Wednesday, August 13, 2008

Bank Writedowns - Who has the money?

A recent posting over The Big Picture talked about the global bank writedowns being, to date, in excess of $500 Billion, and either half-way ($1 Trillion) or just one-quarter ($2 Trillion) finished.

My question to all you readers is simple: since the writedowns represent real dollars that have left the bank balance sheets and ended up elsewhere, where do you think most of it went?

  • Effectively free or reduced rent by unqualified home buyers?
  • Consumer goods purchases?
  • Home flippers with excessive profits?
  • Realtors (too many sales)?
  • Home builders?
  • Other?

What do you say?




JW

The Confused Capitalist

2 comments:

Anonymous said...

I think the majority went to lawyers,bankers,homebuilders,mortgage brokers,etc.

Very little would have gone to home buyers.This includes flippers.

Anonymous said...

The majority went to the homeowners. What kind of loan would have more fees than principle?
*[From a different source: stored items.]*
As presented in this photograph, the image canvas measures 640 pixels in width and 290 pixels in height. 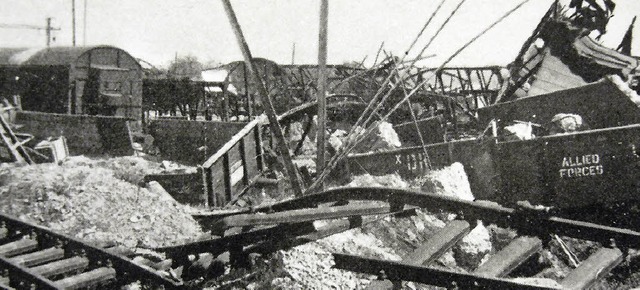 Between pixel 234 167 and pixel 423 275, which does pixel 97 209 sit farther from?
pixel 423 275

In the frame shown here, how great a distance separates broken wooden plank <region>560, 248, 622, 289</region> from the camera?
2.85 metres

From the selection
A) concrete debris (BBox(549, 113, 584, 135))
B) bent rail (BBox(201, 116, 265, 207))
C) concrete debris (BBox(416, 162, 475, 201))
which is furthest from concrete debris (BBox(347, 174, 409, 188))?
concrete debris (BBox(549, 113, 584, 135))

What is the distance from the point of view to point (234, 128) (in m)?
13.9

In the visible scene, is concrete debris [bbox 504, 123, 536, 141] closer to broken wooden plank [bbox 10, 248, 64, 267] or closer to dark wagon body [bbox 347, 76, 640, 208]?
dark wagon body [bbox 347, 76, 640, 208]

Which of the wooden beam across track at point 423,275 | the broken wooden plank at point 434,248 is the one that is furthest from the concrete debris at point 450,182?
the wooden beam across track at point 423,275

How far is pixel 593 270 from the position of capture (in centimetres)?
295

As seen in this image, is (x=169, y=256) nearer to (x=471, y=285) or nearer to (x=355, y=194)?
(x=355, y=194)

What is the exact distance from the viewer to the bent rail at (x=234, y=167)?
6.71m

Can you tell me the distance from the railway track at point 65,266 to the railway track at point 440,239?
1.92ft

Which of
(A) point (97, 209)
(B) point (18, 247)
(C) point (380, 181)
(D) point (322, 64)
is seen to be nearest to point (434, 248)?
(D) point (322, 64)

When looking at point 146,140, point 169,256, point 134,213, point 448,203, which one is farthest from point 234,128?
point 448,203

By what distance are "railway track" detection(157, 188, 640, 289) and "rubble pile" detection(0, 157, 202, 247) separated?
4.74 feet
Excess capital means that degraded credit standards and inducements (below cost of money teaser rates, etc) are required to get all the money "working." Businesses are slow to borrow money they don't need, so the excess capital had to be lent to less sophisticated borrowers (households.) Funny how too high interest rates can lead to too strong currency which leads to too high trade deficit which leads to too much capital which leads to a credit market meltdown and recession.